By 1997 when I arrived from America suffused with 20something anti-consumerism, McDonald’s had been open for four years and was the subject of many heated debates among me and my new Israeli friends who thought I was naïve. They loved it, despite the crippling expense of America’s favorite cheap food. Starbucks too had recently opened to great fanfare.
But Starbucks failed. I gloated. My new home, for which I had moved halfway across the world to find the non-materialist values I had learned to love in my socialist summer camp, had proven itself.
Starbucks Revenge
Was I naïve. Within a few short years, there were no fewer than six distinct coffee chain companies, at least, blissfully muscling out the little places. Two or three major supermarket and convenience store chains, with their identical products, are leading the extinction of the greatest of all Israeli institutions – the tiny crammed grocery shop known with great local affection (and now nostalgia) as the “macolet” – there’s even a song about it.

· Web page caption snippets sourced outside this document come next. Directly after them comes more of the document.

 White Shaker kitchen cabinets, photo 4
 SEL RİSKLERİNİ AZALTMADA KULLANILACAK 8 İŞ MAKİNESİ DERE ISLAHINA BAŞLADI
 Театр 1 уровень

Israelis made a sharp right turn away from the early-Zionist ethos of non-materialism, and went on a deep binge, stuffing their homes with items, bursting their credit limits, spending with little relation to their salaries.
We occasionally get huffy about consumer gouging. Recently, I read something surrounding the cottage-cheese protest saying that prices are high here because Israelis are suckers.

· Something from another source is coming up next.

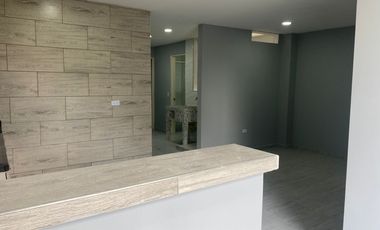 apartamento en arriendo en ciudad 2000. Cod A108344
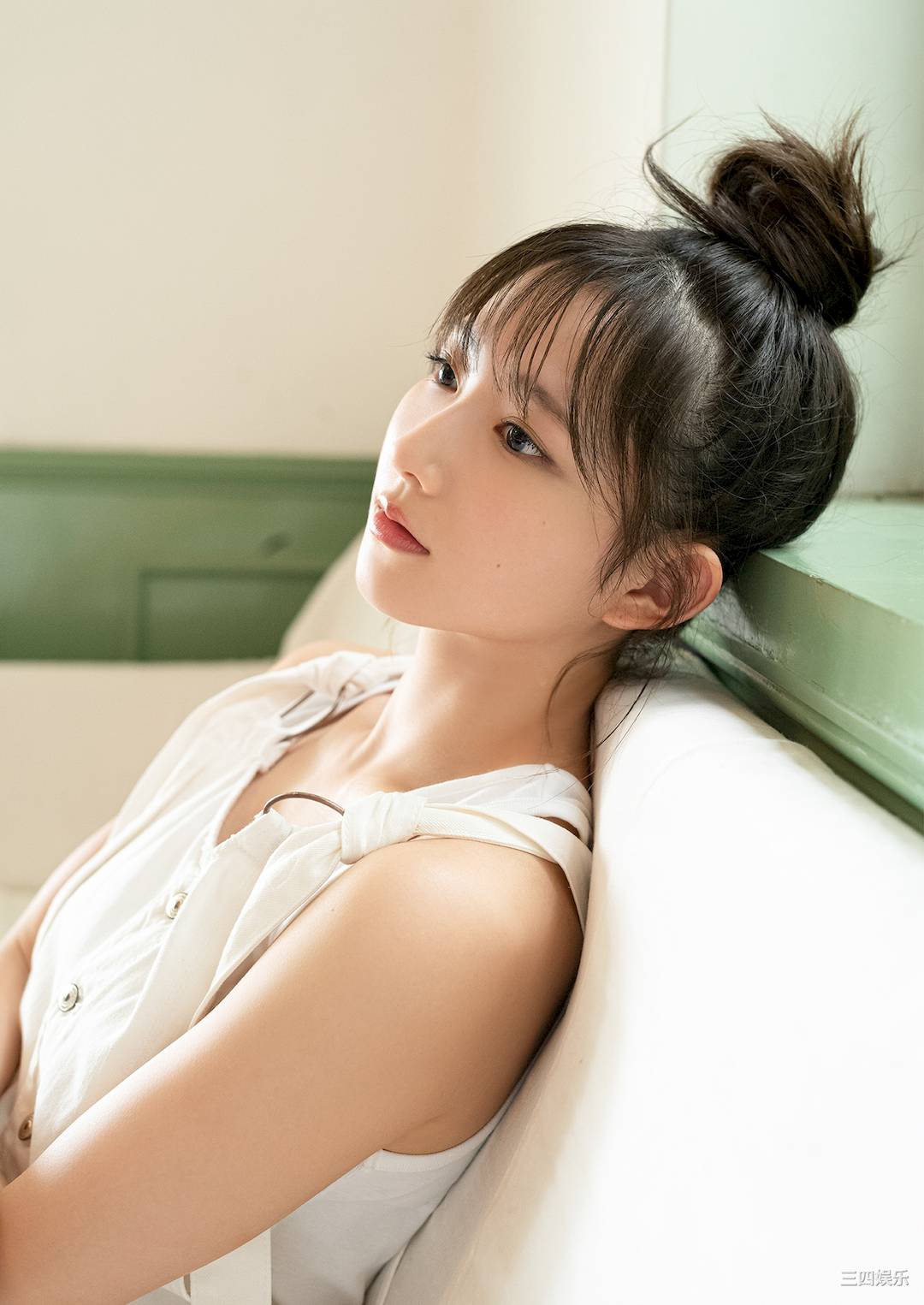 青山渚写真集《え、こんなにキレイだったの？》高清全本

I don’t agree. We pay astronomical prices because we are desperate to own things and eat out, and increasingly, drink. We love Ace, Office Depot and Zara. When Ikea opened in Netanya, the stock was permanently sold out and for many months, people lined up weekly in the wee hours on the day when new stock arrived; when that Ikea recently burned down, it was covered as a national tragedy akin to the loss of beloved astronaut Ilan Ramon. When H&M opened last year, there were riots as frenzied shoppers could not wait one more second to live without their shmattas. Think I’m kidding?

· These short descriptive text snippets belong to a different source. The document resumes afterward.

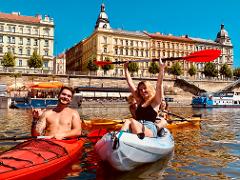 Kayaking in the city center 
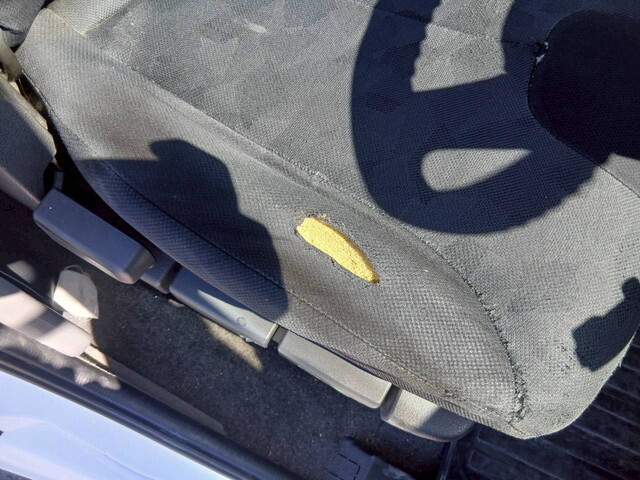 UDトラックスクオントレーラーヘッド（トラクターヘッド）大型（10t）[写真11]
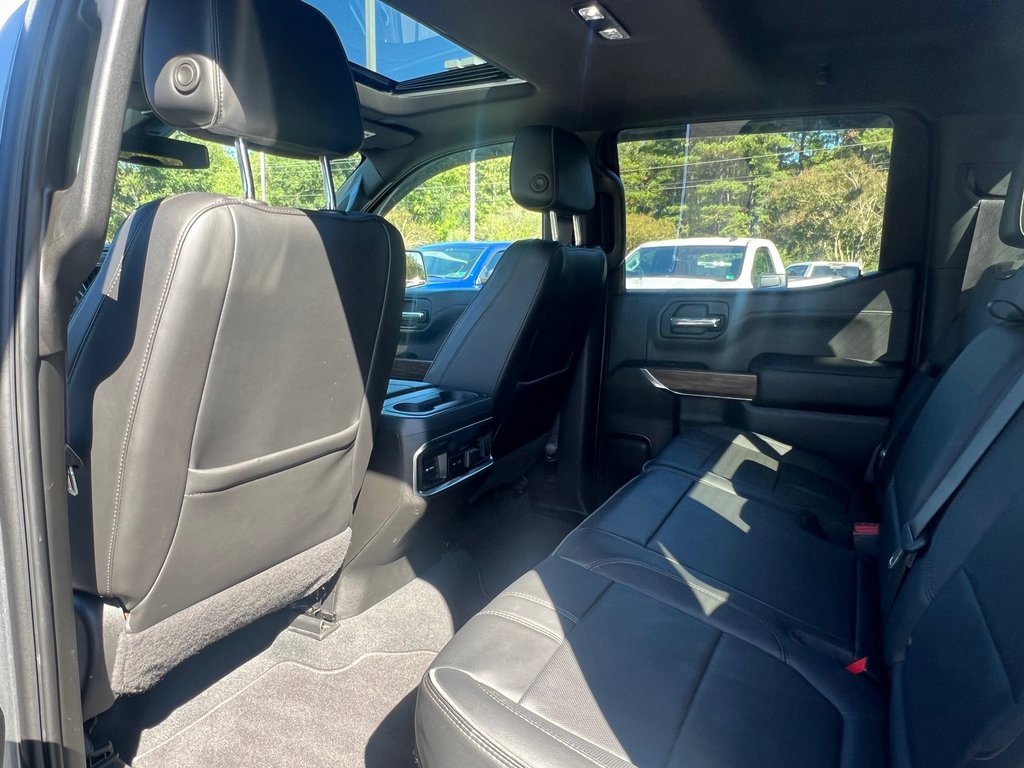 Used 2022 Chevrolet Silverado 1500 High Country w/ Safety Package II image 15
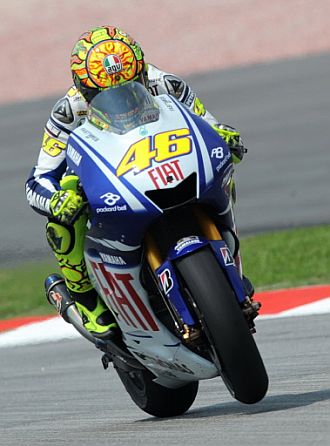 Rossi 'vuela' en Sepang e iguala a Doohan 1256368172_0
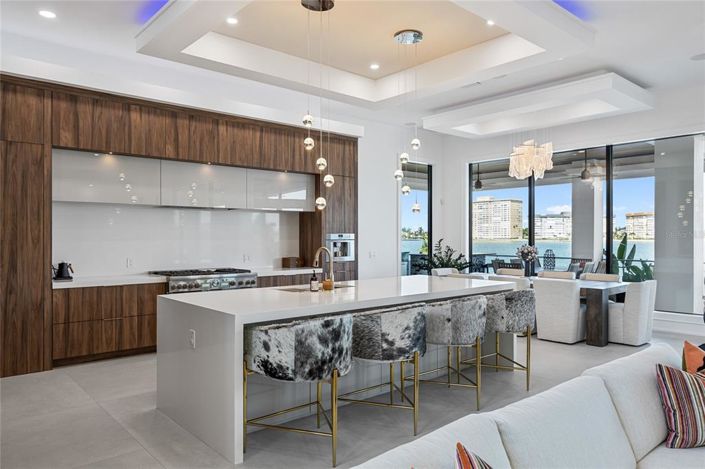 Image No.20-4 Bed Property for sale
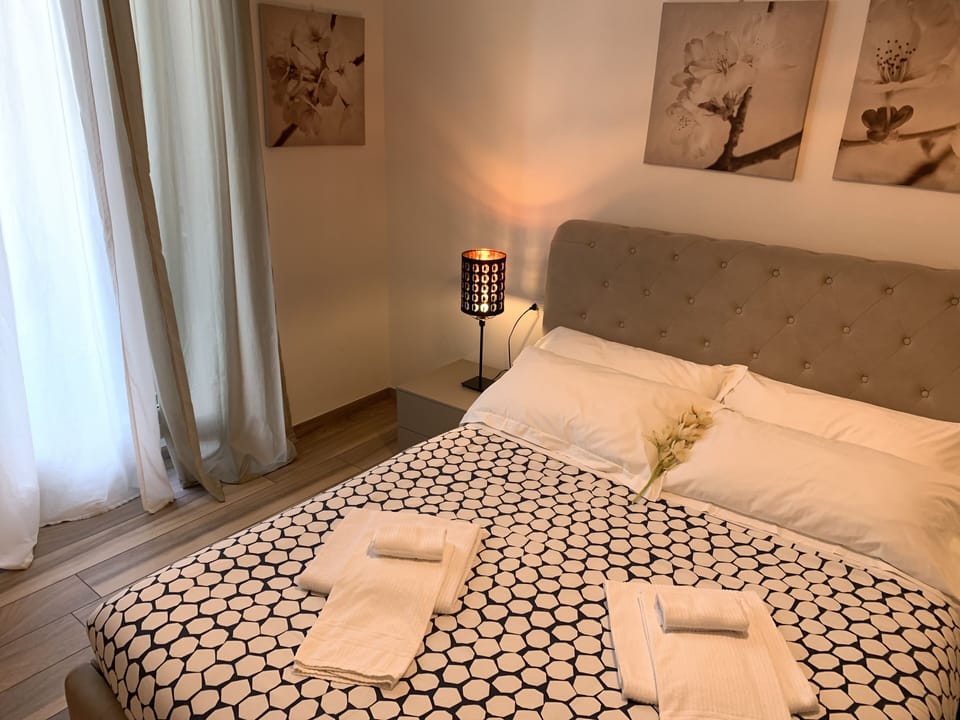 Double Room, 1 Bedroom, Terrace | In-room safe, soundproofing, free WiFi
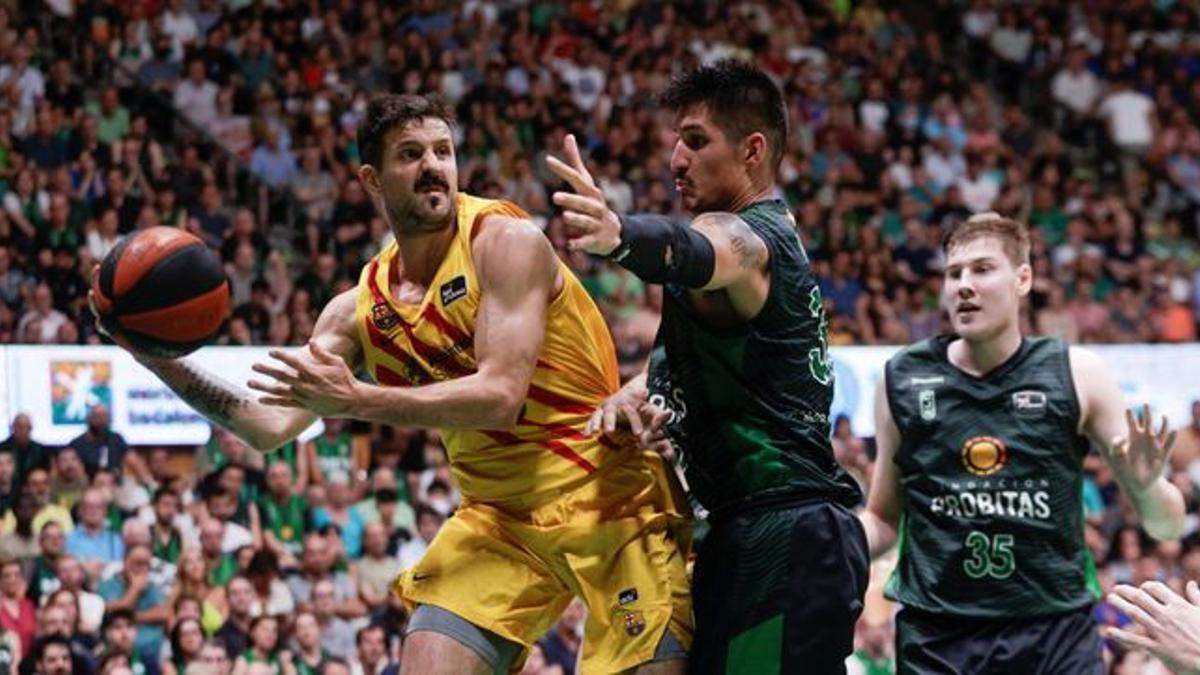 La Penya defiende una acción a Nico Laprovittola, en la primera mitad del duelo en el Olímpic.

The Jerusalem Post reported:
“Immediately after the count down [to the Tel Aviv opening], dozens of customers ran into the store, practically trampling two baby strollers in their rush to enter, Channel 2 reported. Passersby managed to save the babies while shoppers continued to flow into the store. “This place looks like the site of a terror attack,” one shopper told the television station.”
We absolutely love chatting on our mobile phones and we’re willing to pay inflated and totally fraudulent costs (as anyone who has dealt with our cell cartel knows) – because in a rather charming way, Israel maintains vestiges of the communal society and people must be connected all the time. My friends call mom at least once a day, and that’s after fielding three of her calls. We love having more children we can’t afford, because who calculates finances when children are at stake?
Liberal, mugged.
This post is not an anti-materialist tirade. It’s acceptance. I too own an apartment now, a car and two computers, although not much else. But I travel to many European capitals and watch the throngs in the malls, pawing at the same cheap plastic knock-off brands as in every other mall, or else I stroll through the luxury shops with the same identical made-in-China thousand-times mark-up shirts, and I have learned something: people, everywhere, love consumerism. The bars, cafes and kiosks near Rothschild seem to be raking it in these last two weeks. Will the tent protest turn the clock back? Judging from the harmonious co-existence between the enormous welfare-state demonstration last Saturday night, and the great unscathed symbols of consumerism (see below), I doubt it.
August 3 2011
Dahlia Scheindlin
The tent protest: neither social justice, nor revolution
This article was jointly written by Dahlia Scheindlin and Joseph Dana, based on our shared experiences of the protests.
The popular, mass protests here that began as a cry of rage against housing prices have evolved admirably into a public outcry against a slew of deep-rooted problems in Israeli social and economic life. Visiting the tent camps early every day, we’ve watched the protest grow from a motley band of wishful Woodstockers at the tip of Rothschild Boulevard two weeks ago, to a sort of mini-metropolis spreading close to the end of the road. There’s a first aid tent courtesy of Physicians for Human Rights, “Settle the Negev and the Galil” tents, ideological discussions, guitar and drum sing-alongs, Kabalat Shabbat, Friday night dinner, outdoor films about revolutionary themes, families with babies, and endlessly creative slogans. There are tents down near the central bus station, in a cat and mouse game with the municipality, which is trying to break up their camp.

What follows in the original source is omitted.